Why We Shouldn’t Overestimate the Probability of a Chinese Financial Crisis

Why We Shouldn’t Overestimate the Probability of a Chinese Financial Crisis

As with most everything I write for BloombergViews, I want to write a little follow up especially as I have already gotten a number of messages asking follow up questions.

  1. I am not saying there will never be a financial or economic crisis. I am saying that a financial crisis will only happen as after all other options have been exhausted and no other options are left.  Beijing will employ every tool possible to prevent some type of major dislocation.
  2. As an example, while we can debate the reasons and wisdom of it, the US was willing to let significant financial institutions go bankrupt. Right now, I think it highly unlikely that Beijing would let any financial institution of any real significance collapse.  They won’t let any firms collapse much less the stock market.  I see little to no evidence that Beijing is willing to even seriously address some of their economic and financial problems despite press releases to the contrary.  Their entire strategy appears to be paper things over and deal with it later.
  3. It cannot be stressed enough that this is not because I think China has chalk full of top flight economic policy makers. It is primarily because if you look simply at the economic indicators, yes, the risk is elevated and increasing.  However, this clearly overlooks the political imperative.  Whether it is propping up every bank or firm just so they don’t have mass layoffs or shutting down the internet to prevent communication about economic problems.  The political calculus about how a government will handle any potential economic or financial dislocation is radically different.  The objectives of Beijing policy makers and other policy makers are very different.
  4. The current leadership is acutely aware of its place in history and the comparisons to the USSR. They are absolutely determined to not suffer the same fate.  Despite talk of delveraging, credit growth continues to expand far more rapidly than GDP growth because quite simply, they are not willing to tolerate any type of official real growth slowdown.  Given their concern over this, it isn’t that China will never see a crisis of some type but rather that they will exhaust every means necessary before they yield to something they just cannot stop.

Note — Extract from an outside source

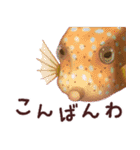 おさかなスタンプ（個別スタンプ：3）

Given everything that is happening in the Chinese markets, I want to hit a couple of major points

  1. One of the things that you cannot quantify, though I am sure you could but I’ve never seen it done, is the enormity of the psychological weight attached within China appreciating and being fixed to the US dollar. Some have tried to point out that against a basket of trade weighted currencies, the RMB is essentially flat.  Psychologically within China, that is completely irrelevant.  Chinese firms and people have been taught for a long time about the stability of the RMB because it is fixed to the USD.  Even if there is good economic logic to the basket argument, you are essentially telling 1.3 billion people there is no Easter Bunny, Santa Claus is a fraud, and they don’t get any candy.  This is going to cause significant worry and concern.  A few weeks after the August devaluation, I talked with a Chinese friend and asked him what he was up to and without missing a beat replied “getting all my money out of China.”  PBOC for a long time had absolute confidence of people, today, they do not anymore.
  2. There is somewhat of a debate about whether the RMB is witnessing a devaluation or a depreciation. Devaluation being an official lowering, depreciation being market driven.  I would personally call it a “devreciation” or “depaluation”.  What we are witnessing is effectively two sides of the same coin.  The market is clearly pushing the RMB lower as capital flees China.  That is completely and entirely true.  However, nor is the RMB value established by the market.  The daily PBOC fix has become much less correlated to the previous days close since December 1.  The PBOC is spending large amounts of USD, more than $100 billion in December, to support the RMB. What country spends almost $4 billion USD a day propping up the price of something if it is strictly a market driven price?  The value of the RMB is clearly not set by the market.  If anyone believe this is a market driven depreciation solely, ask yourself what would the value of the RMB be if it was solely market driven tomorrow and the PBOC stopped spending USD?  In other words, if CCTV announces on the 8 o’clock news the RMB will be freely tradable beginning at 9:30 tomorrow morning, what is the new value? 7.5 or higher would be a good place to start.  What my take would be is this: like with the stock market or other markets, Beijing is happy to allow the market to move when it moves in Beijing’s direction.  The market wants to push the RMB lower and Beijing will release some press releases saying “no, don’t, stop. Everything is awesome.” Then set the fix lower.  They tap the breaks and set the fix flat, regardless of the market prices as HSBC pointed out, just to keep traders on their toes and hopefully prevent what they hope will be a gradual landing from turning into a 25% break.  Clearly isn’t strict market movement, but nor is Beijing letting market do what it wants.  Hence, depaluation.
  3. Inflation data is both PPI and CPI data is bogus. More on the specific later this week.